This issue of Wealth Adviser includes:

  • Why life expectancy numbers are widely misunderstood. Life expectancy numbers are often misinterpreted due to various factors. There are various reasons behind this widespread misunderstanding with a need for a deeper understanding of the statistics. It is important to consider factors such as socioeconomic status, lifestyle choices, and healthcare access when interpreting life expectancy data.
  • Risk of recession is high.  There is a significant likelihood of an upcoming recession. This article highlights the potential impacts on various sectors of the economy and suggests possible measures to mitigate these effects. The discussion also includes opinions on how governments and businesses can prepare for and navigate through the economic downturn.
  • Why ‘timing the market’ is a fool’s errand. Timing the market is not a successful strategy for investing and a buy-and-hold approach is generally more effective.
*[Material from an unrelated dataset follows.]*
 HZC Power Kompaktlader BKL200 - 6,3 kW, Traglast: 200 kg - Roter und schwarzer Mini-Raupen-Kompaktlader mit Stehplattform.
Even professional investors struggle to consistently time the market correctly. There is evidence and research to support this idea and there are potential risks and missed opportunities associated with trying to time the market. It is typically better to focus on a long-term investment strategy.

    Q & A

    1. I have an SMSF but want to take out personal insurance. Can I do this via my SMSF?
    2. My friend told me that he pays less tax because he makes additional concessional contributions into his super. How does making a concessional contribution reduce the tax I have to pay?
    3. Who gets my superannuation once I pass away?